Where the Wildflowers Grow
Just a one shot that came to me. Catherine's POV, sort of what I think will happen after For Warrick.
Everything seemed to be in slow motion. All I could hear was the beating of his heart, slowly pumping the blood out of his body, killing him. Every breath was one closer to his last. And then nothing.
The funeral was small. A man like Warrick deserved more. But he would have preferred it this way. A sob escaped me when I saw the coffin. It made everything final. We were here to say good bye. I could hear Greg, trying to hold back his tears and Nick letting them flow. Grissom stood straight and still, staring off into the distance. Grieving in the way only Grissom could.
He'd spent his last hours on earth with us. If only I had known that I was saying goodbye forever when I left the dinner, if only I'd stayed a minute longer, if only, if only.
He's in a better place, one free of the cruelty and injustice we'd seen only too often on the job. I was glad of that. But we were left here, with only our memories and our regrets. It didn't seem fair. But at least we could take comfort in the fact that he was in a better place, looking down on us all.
He was buried in a beautiful place too. The hillside in the cemetery, in the perfect spot overlooking it all. Clusters of small white and lavender wildflowers popped up every few inches and right now the sky was so blue with the perfect amount of fluffy white clouds in the sky. It was like a small bit of heaven on earth. And I felt that it was the perfect spot for him to be.
I'd never forget his eyes. Not as long as I lived. If I became one of those old ladies, in a retirement home suffering from Alzheimer's, those piercing green eyes would be the one thing I'd never forget.

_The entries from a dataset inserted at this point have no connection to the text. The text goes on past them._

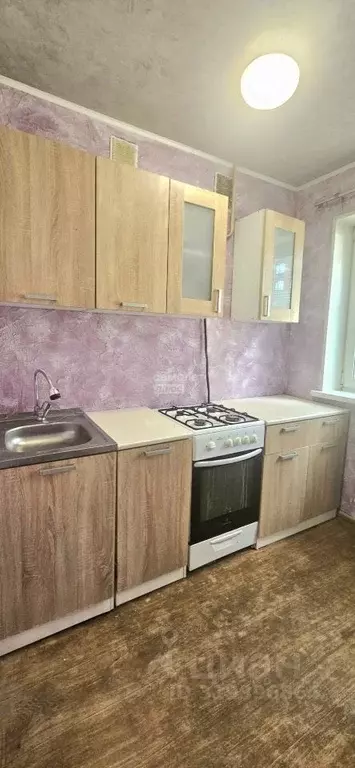 1-к кв. Свердловская область, Екатеринбург ул. Онежская, 9 (30.2 м) - Фото 0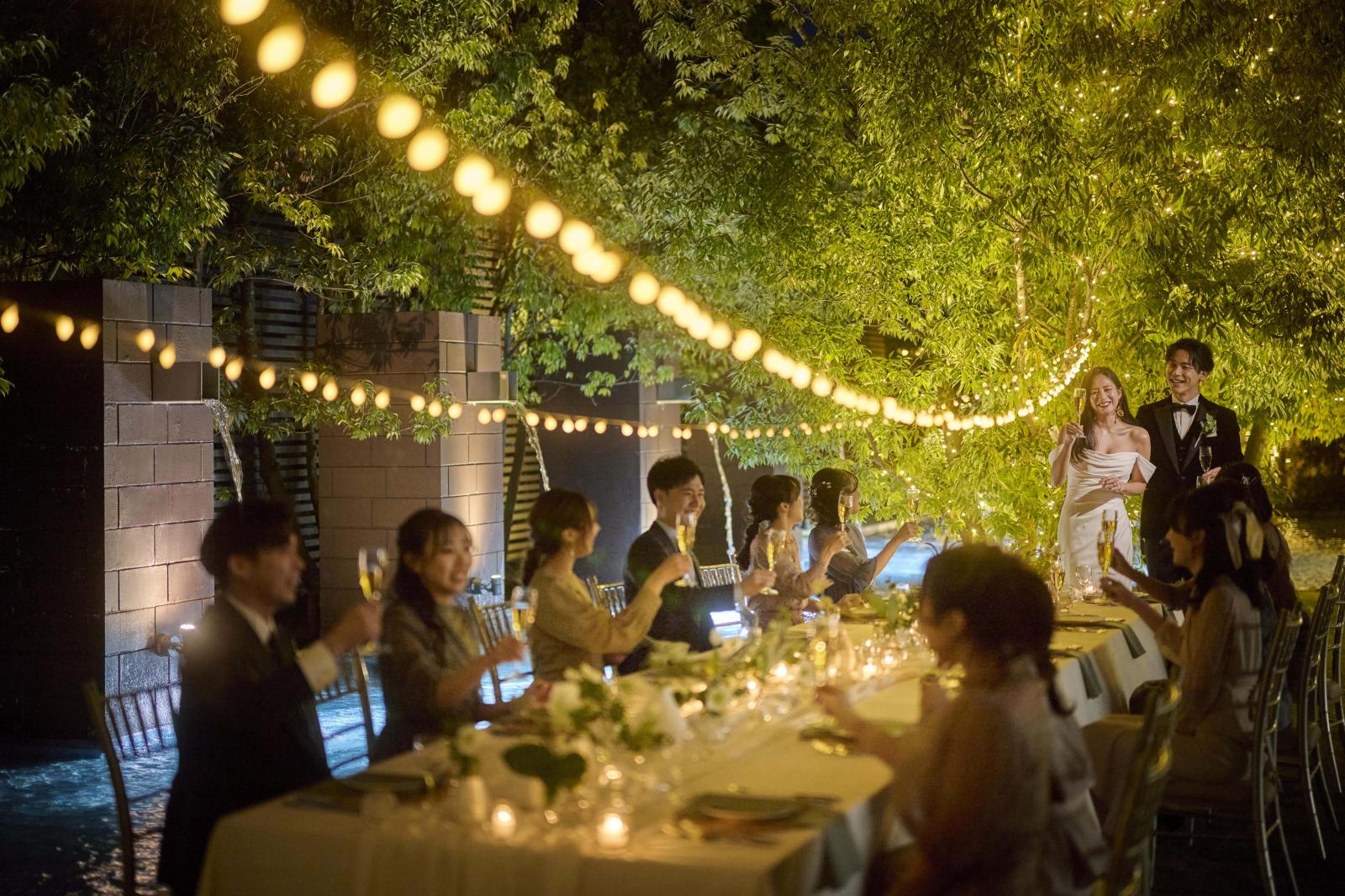 イルミネーション煌めくナイトガーデンは思わずガーデンへ足を運びたくなるほどの美しい景観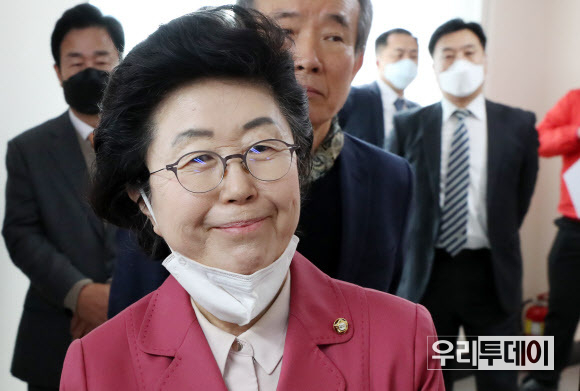 미래통합당 행사 참석한 이은재 - 한국경제당 이은재 후보가 7일 오전 강원 춘천시 미래통합당 강원도당에서 열린 미래통합당?미래한국당 공동 강원권역 선대위 회의에 참석하고 있다. 2020.4.7 연합뉴스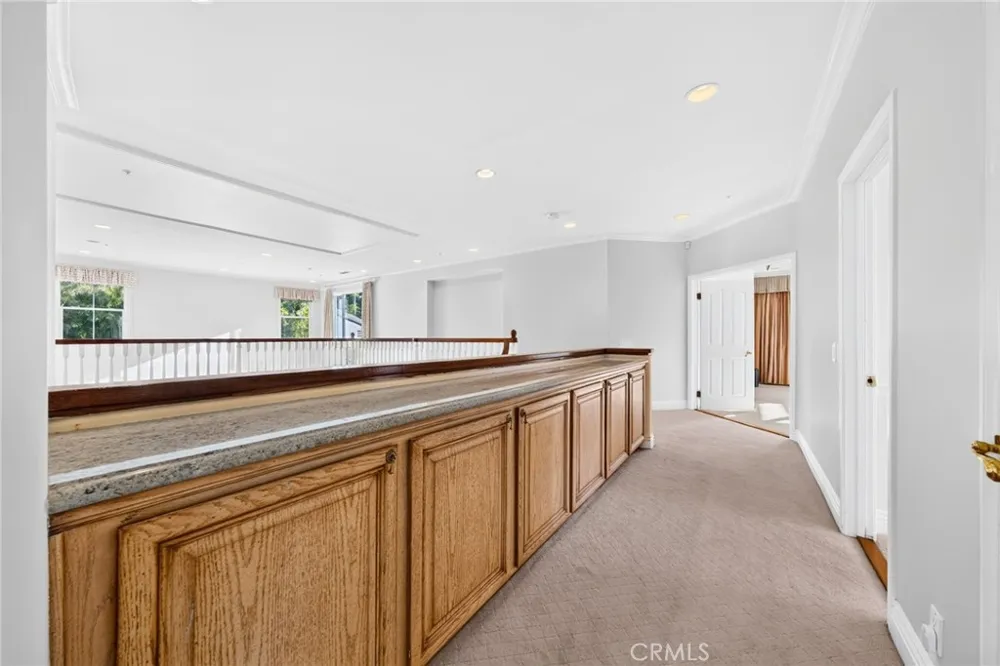 21004 Mendenhall Ct Topanga, CA 90290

His voice. The lab felt so empty without him in it. Not hearing his laugh and his voice and he rounded the corner or as he mocked Hodges. The rushed lab techs and activity were there. But it seemed empty without him in it.
His locker. It stood untouched, unopened in the locker room. No one dared to even suggest cleaning it out. It stood there as a tribute to him. To all he had been. A great CSI, a great cop, a great friend.
I stood at his grave, on the hill overlooking the cemetery, the clusters of wildflowers at my feet. I needed him right now. I'd always needed him. And now I'd trade every material possession I had to spend just one more minute, one more hour, one more day with him.